Computational Chemistry · Molecular Dynamics

GPU Molecular Dynamics — Local Pipeline Demo

A full OpenMM pipeline stood up on a single workstation GPU: install → simulate → analyze → visualize. Explicit- and implicit-solvent runs of small systems, with GPU-vs-CPU timing. 在一張工作站顯卡上跑通的完整分子動力學流程 — 從環境安裝到模擬、分析、視覺化。給合作者看我們做了哪些模擬與效能。

📅 2026-07-01 GPU NVIDIA GT 1030 · 2 GB CUDA 12.6 OpenMM 8.4 AMBER ff14SB · TIP3P Windows 11

01 What we simulated

Three representative systems spanning explicit solvent (full water + PME) and implicit solvent (Generalized Born). All run on the CUDA platform with a Langevin Middle integrator, 2 fs timestep, 300 K.

SystemSolventAtoms Force fieldLengthWall timeThroughput
TIP3P water box
2 nm cube
explicit · PME 774 AMBER14 / TIP3P 10 ps 1.5 s 633 ns/day
Trp-cage (TC5b)
PDB 1L2Y · 20 res
implicit · GBn2 304 ff14SB + GBn2 500 ps 44.7 s 967 ns/day
Alanine dipeptide
Ace-Ala-Nme
implicit · OBC 22 AMBER / OBC 2 ns 91.8 s 1882 ns/day
Read this as a proof of concept. The GT 1030 is an entry-level display card (2 GB, ~384 CUDA cores). The point is that the whole pipeline runs end-to-end on commodity hardware — the identical scripts scale unchanged to a production GPU (A100 / RTX 4090) or an HPC cluster, where throughput is 10–50× higher.

02 Live trajectory

Trp-cage over 500 ps of implicit-solvent dynamics (100 frames, backbone aligned). Cartoon coloured N→C terminus. The mini-protein stays folded — thermal breathing, not unfolding.

Loading trajectory…
Trp-cage (1L2Y) · implicit solvent · 500 ps @ 300 K · 100 frames · CUDA

03 Analysis

Every run is fully reproducible — trajectories analyzed with MDTraj, figures generated from the raw output.

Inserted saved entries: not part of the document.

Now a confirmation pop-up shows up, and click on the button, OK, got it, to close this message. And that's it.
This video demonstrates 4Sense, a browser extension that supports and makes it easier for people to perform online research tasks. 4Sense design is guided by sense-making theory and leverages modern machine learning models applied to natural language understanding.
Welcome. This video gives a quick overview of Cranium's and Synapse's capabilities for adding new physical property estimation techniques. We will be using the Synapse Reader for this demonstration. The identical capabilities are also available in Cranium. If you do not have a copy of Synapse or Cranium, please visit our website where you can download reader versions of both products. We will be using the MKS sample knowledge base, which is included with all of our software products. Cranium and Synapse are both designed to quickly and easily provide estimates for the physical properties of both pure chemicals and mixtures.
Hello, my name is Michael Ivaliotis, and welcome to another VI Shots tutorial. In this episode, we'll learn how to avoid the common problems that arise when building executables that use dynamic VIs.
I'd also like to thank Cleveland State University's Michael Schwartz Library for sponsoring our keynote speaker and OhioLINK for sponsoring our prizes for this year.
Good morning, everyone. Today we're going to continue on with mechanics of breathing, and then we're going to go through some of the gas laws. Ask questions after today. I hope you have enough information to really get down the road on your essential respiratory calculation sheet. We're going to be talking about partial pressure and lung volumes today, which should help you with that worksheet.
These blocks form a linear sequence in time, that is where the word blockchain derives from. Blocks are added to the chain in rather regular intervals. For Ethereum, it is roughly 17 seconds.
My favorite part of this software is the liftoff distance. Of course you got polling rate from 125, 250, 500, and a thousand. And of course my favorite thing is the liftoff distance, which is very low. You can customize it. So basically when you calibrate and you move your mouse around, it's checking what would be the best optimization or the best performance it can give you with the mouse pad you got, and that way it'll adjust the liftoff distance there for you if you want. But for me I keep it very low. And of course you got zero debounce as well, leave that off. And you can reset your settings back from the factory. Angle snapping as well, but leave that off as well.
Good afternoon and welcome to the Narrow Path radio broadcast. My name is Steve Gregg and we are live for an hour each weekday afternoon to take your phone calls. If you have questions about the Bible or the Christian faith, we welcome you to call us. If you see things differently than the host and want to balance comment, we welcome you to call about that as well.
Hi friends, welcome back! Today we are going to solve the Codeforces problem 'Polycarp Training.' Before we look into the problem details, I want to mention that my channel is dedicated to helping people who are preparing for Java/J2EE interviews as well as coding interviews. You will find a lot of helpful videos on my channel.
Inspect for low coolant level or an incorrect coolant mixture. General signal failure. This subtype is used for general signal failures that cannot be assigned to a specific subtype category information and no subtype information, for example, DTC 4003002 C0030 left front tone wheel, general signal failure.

Alanine dipeptide Ramachandran plot
Ramachandran map — alanine dipeptide, 2000 frames. Density concentrates in the β/C5 and αR basins; the left-handed αL region is essentially empty. Textbook backbone conformational sampling.
Trp-cage RMSD, radius of gyration and energy
Trp-cage stability — backbone RMSD mean 2.56 Å, radius of gyration 7.59 ± 0.15 Å (stays compact), potential energy near-Gaussian. The protein is well-equilibrated and folded throughout.

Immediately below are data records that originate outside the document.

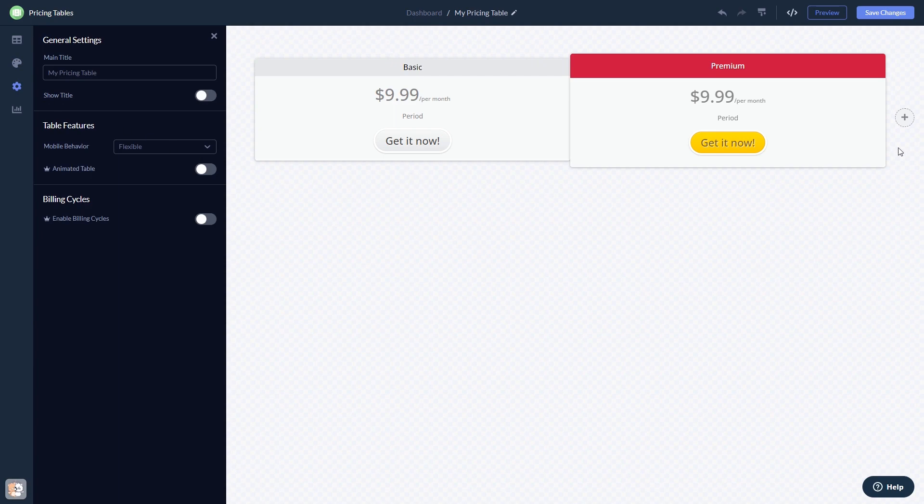When you're done, click the save changes button to save your work. If you don't have an account on Common Ninja yet, you'll have to register first.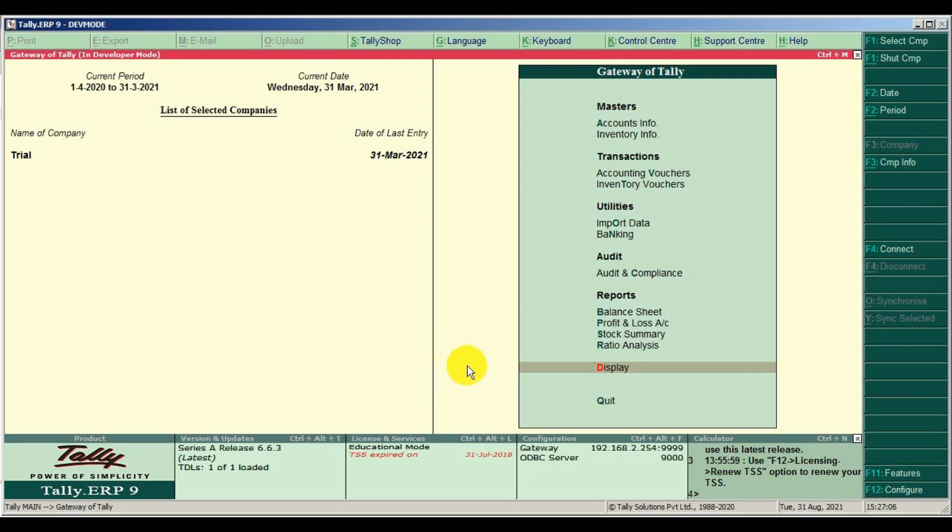Welcome to my channel. Today we are going to learn how to do bank reconciliation in Tally ERP9.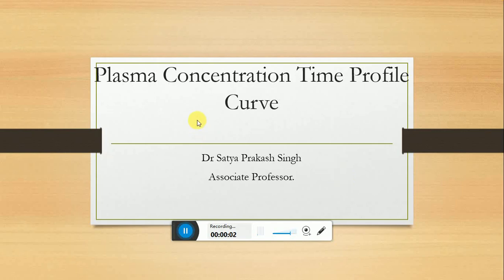Dear all, today I am going to discuss on the topic plasma concentration time profile curve.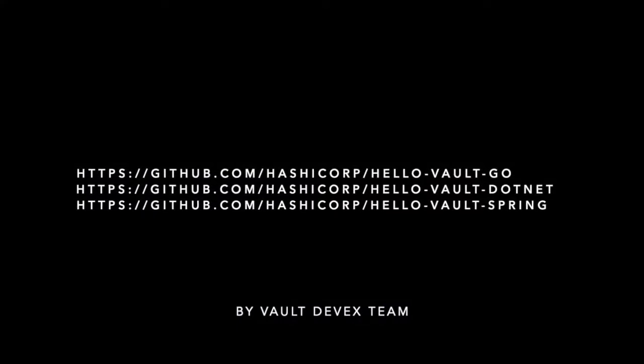The Hello World apps are developed and maintained by the Vault DevEx team. Thank you for watching.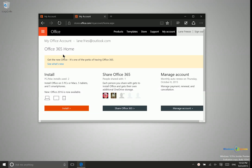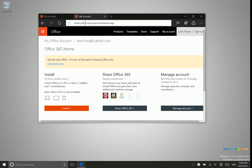Now you can't do this upgrade right from within the Office applications. What you'll need to do is go to stores.microsoft.com/myaccount/home.aspx. I'll leave a link in the description to make that easier for you.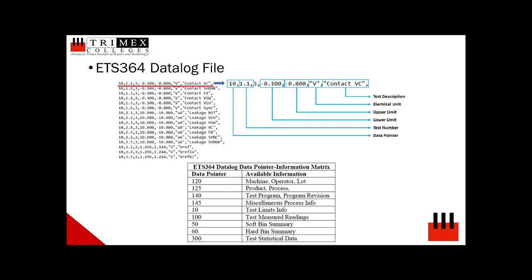stores each electrical test parameters limits which include the test number, upper and lower limits, electrical unit of measurements, in the example V for volts, and the electrical test description.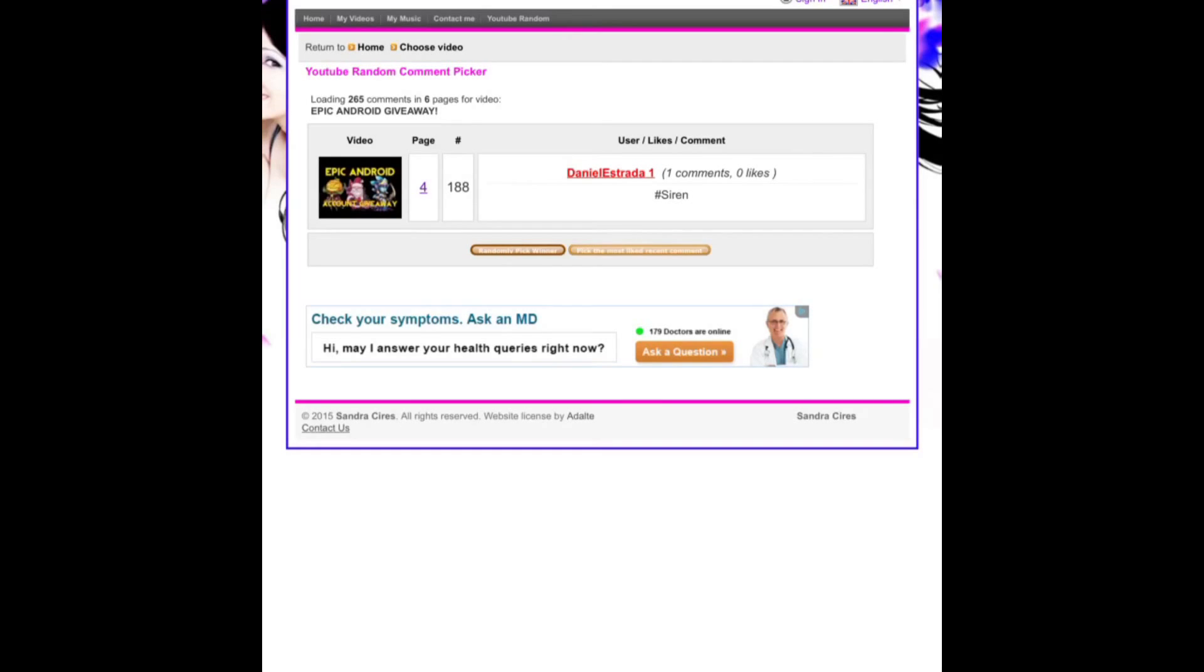Thank you all who entered the Android giveaway and I'm going to have many more giveaways to come. I think I got a Spirit Mage account giveaway coming up so stay tuned for that.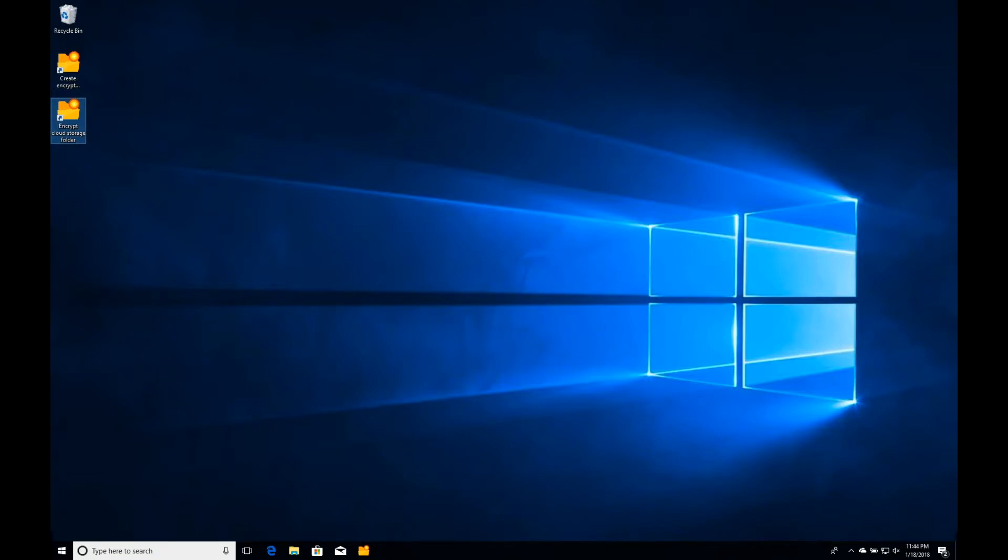So that's what I'd like to show you today. I'm logged into a standard Windows 10 machine here, and I've put a couple links on the desktop just to make this easy and convenient for you. You'd have your normal cloud-based encryption software or cloud software and syncing applications installed. In this case, I have OneDrive and a couple others.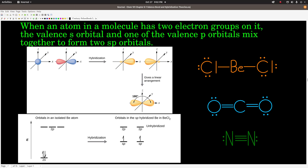For beryllium chloride, beryllium is [He] 2S². Taking this S orbital and one P orbital, we mix them together to get two SP orbitals. Hybrid orbitals are always between the energy of the lower and higher energy atomic orbitals — 2P is higher, 2S is lower, and the hybrid orbitals are somewhere in between. We take the two electrons and put one into each SP hybrid orbital, giving two orbitals each with one electron available to form a bond to a chlorine atom. Carbon dioxide and nitrogen do the same thing. Two electron groups: SP hybridized.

04 Performance — GPU vs CPU

Same system (2661-atom TIP3P water box, PME, 3000 production steps), three OpenMM compute platforms. CUDA > OpenCL > CPU, as expected.

CUDA
218.7 ns/day · 2.3×
OpenCL
195.5 ns/day · 2.0×
CPU
95.5 ns/day · 1.0×
On this entry-level GPU the CUDA speed-up over multi-core CPU is a modest 2.3×. On a production GPU the same benchmark separates by one to two orders of magnitude — the value of the GPU path grows sharply with system size.

05 Methods & honest notes

  • Engine: OpenMM 8.4, CUDA platform, mixed precision.
  • Integrator: Langevin Middle, 2 fs, 300 K, 1 ps⁻¹ friction.
  • Explicit: TIP3P water, PME electrostatics, 0.9 nm cutoff, H-bond constraints.
  • Implicit: Generalized Born (GBn2 / OBC), no periodic box — fast conformational sampling.
  • Prep: PDBFixer (missing atoms, protonation at pH 7); analysis with MDTraj.
What implicit solvent buys and costs. Replacing thousands of explicit waters with a GB continuum makes small-protein sampling fast and cheap — but it drops explicit water structure (bridging waters, discrete H-bonds, viscosity). We use it for exploration; explicit solvent remains the reference for quantitative work.